(Crawled caption data)

===

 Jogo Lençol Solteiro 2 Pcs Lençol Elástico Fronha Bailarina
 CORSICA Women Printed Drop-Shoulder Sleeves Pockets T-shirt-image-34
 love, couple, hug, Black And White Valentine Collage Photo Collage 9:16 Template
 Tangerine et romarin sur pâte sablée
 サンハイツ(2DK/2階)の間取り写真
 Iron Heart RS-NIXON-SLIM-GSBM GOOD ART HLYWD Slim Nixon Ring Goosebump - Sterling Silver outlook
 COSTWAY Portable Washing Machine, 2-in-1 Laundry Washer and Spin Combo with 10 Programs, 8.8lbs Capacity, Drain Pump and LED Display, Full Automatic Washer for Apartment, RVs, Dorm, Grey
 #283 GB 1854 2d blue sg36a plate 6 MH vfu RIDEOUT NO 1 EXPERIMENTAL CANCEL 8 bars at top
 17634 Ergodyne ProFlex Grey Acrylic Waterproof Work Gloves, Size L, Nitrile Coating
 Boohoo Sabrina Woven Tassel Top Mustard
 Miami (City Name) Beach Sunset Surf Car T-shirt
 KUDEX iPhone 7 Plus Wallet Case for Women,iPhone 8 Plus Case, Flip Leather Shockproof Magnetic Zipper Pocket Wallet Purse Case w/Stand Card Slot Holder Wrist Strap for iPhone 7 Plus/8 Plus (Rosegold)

===

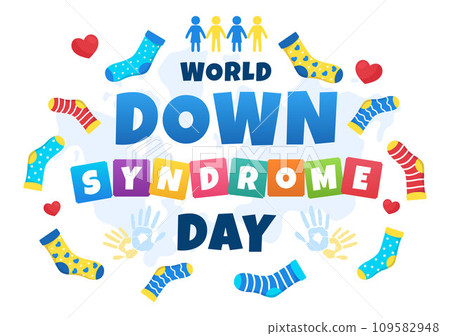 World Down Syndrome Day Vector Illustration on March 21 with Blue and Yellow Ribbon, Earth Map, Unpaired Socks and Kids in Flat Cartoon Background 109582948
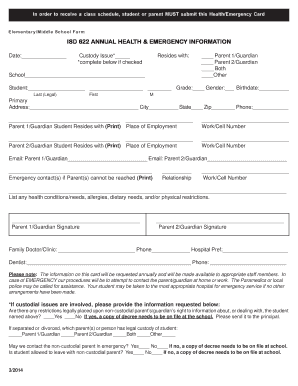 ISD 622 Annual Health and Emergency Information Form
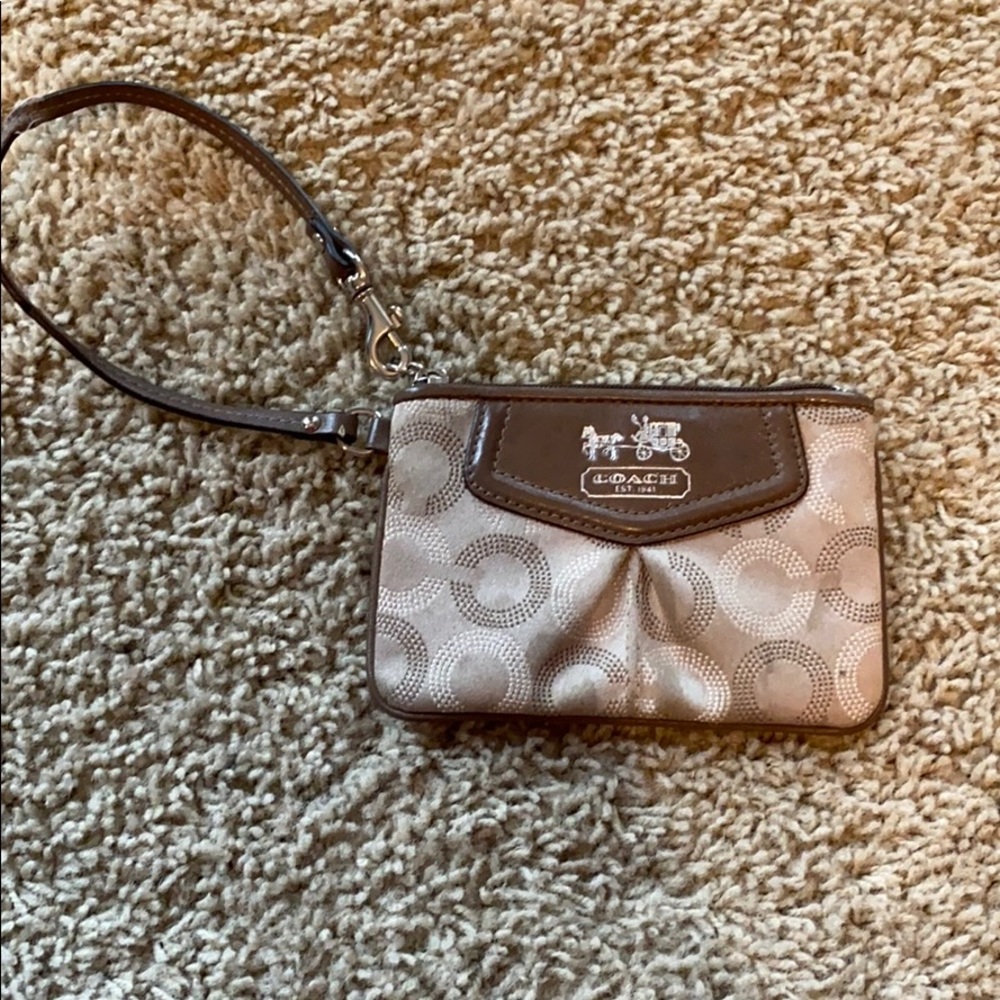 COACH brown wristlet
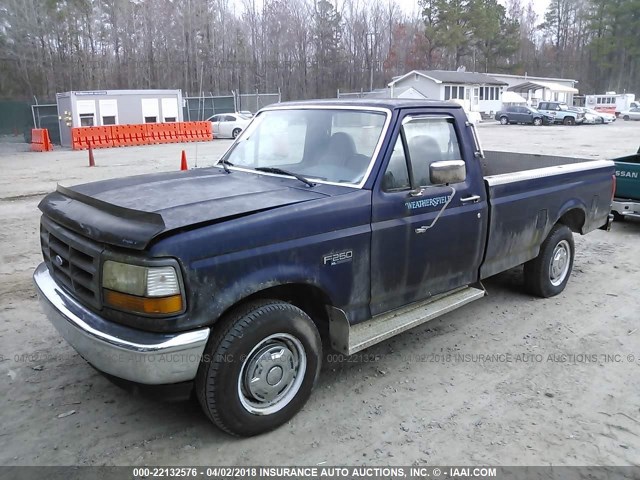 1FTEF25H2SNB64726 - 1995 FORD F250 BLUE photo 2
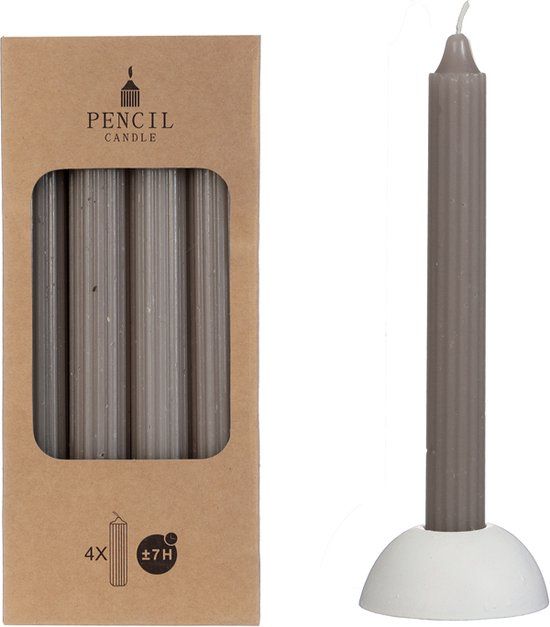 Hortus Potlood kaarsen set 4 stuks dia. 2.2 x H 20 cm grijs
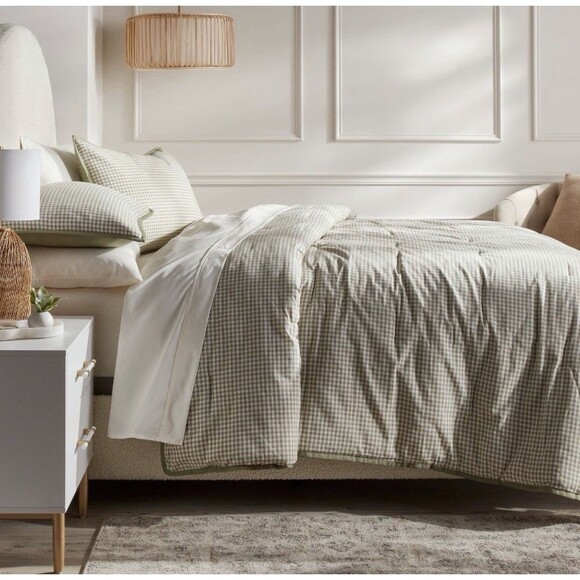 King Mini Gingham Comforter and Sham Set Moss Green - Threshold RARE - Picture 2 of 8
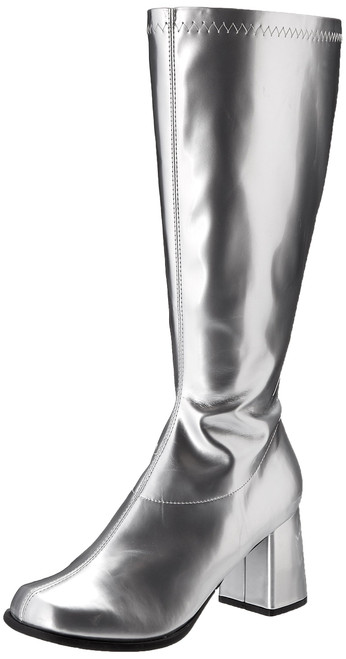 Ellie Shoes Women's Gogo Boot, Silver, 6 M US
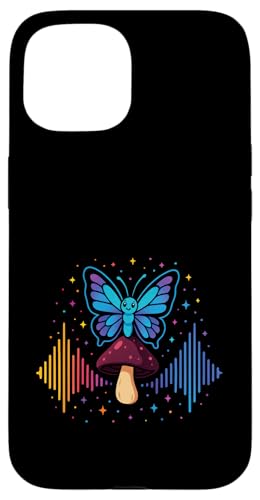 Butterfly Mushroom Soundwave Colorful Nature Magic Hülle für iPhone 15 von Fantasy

===

§ **Exercise**
Supply the count of lines in the entries that contain the word "Grey", and nothing besides.

§ **Your response**
2